▸ **What you are asked to do**: Print out the data that follows exactly, character for character, apart from the pictures.

[Stored records]
▬▬▬

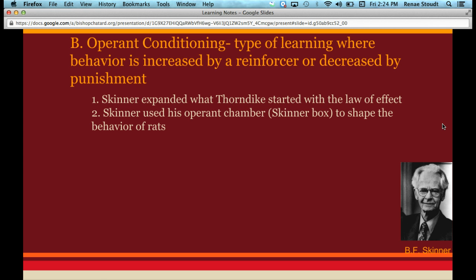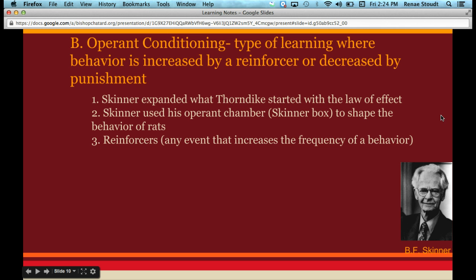What Skinner found was that reinforcers are anything that increases the frequency of a behavior. He identified two types of reinforcers: positive reinforcers and negative reinforcers.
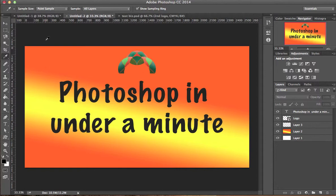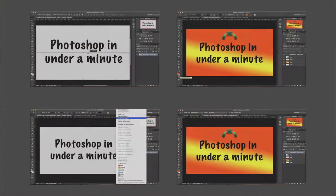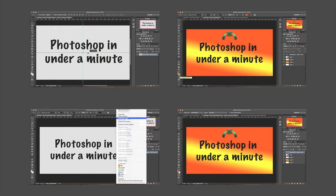And to switch between them, we simply hit X. Please feel free to check out our other videos on our channel. Comment, like, and subscribe. If you have any questions, please leave them in the comments below.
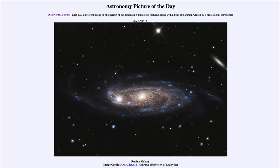Greetings and welcome to the introduction to astronomy. One of the things that I like to do in each of my introductory astronomy classes is to begin the class with the Astronomy Picture of the Day from the NASA website.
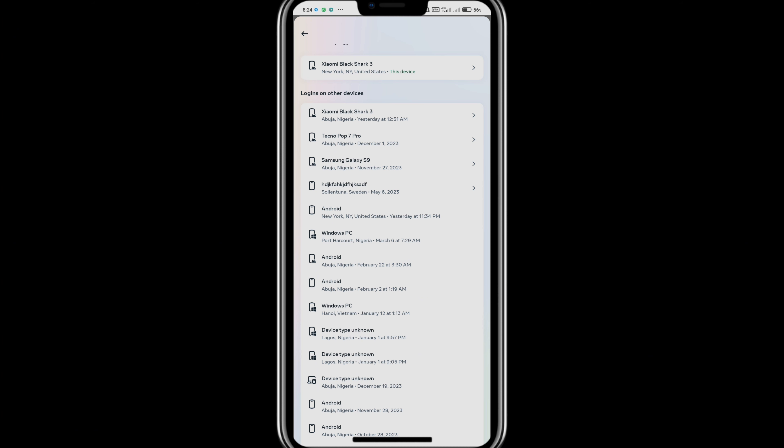So thank you guys for watching this video on how to see all Facebook logged-in devices. I hope you found this video helpful. If you do find this video helpful, make sure to subscribe to this channel and have the post notification turned on. I hope to see you guys in my next video.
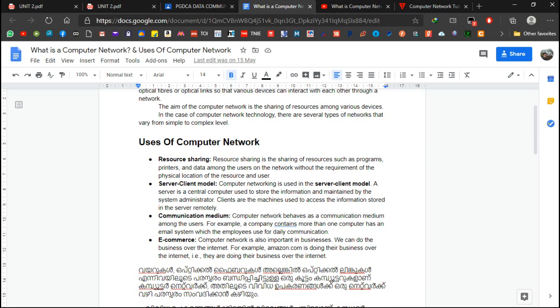If you want to share the resources, you can share the resources. If you want to share a computer, you can share the size of the file. If you want to share the e-mail, you can share the file.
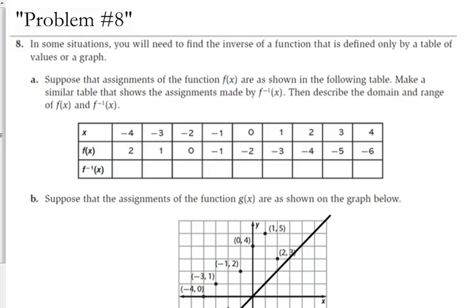Then describe the domain and range of the original and the inverse. We said that the inverse switches x and y values. So if on the original the x value is negative 4 and the y value is 2, then on the inverse, when the x value is 2, the y value will be negative 4. You switch the relationship — the x and y flip-flop.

▬▬▬

▸ **Exercise result**:
What Skinner found was that reinforcers are anything that increases the frequency of a behavior. He identified two types of reinforcers: positive reinforcers and negative reinforcers.
And to switch between them, we simply hit X. Please feel free to check out our other videos on our channel. Comment, like, and subscribe. If you have any questions, please leave them in the comments below.
Greetings and welcome to the introduction to astronomy. One of the things that I like to do in each of my introductory astronomy classes is to begin the class with the Astronomy Picture of the Day from the NASA website.
So thank you guys for watching this video on how to see all Facebook logged-in devices. I hope you found this video helpful. If you do find this video helpful, make sure to subscribe to this channel and have the post notification turned on. I hope to see you guys in my next video.
If you want to share the resources, you can share the resources. If you want to share a computer, you can share the size of the file. If you want to share the e-mail, you can share the file.
Then describe the domain and range of the original and the inverse. We said that the inverse switches x and y values. So if on the original the x value is negative 4 and the y value is 2, then on the inverse, when the x value is 2, the y value will be negative 4. You switch the relationship — the x and y flip-flop.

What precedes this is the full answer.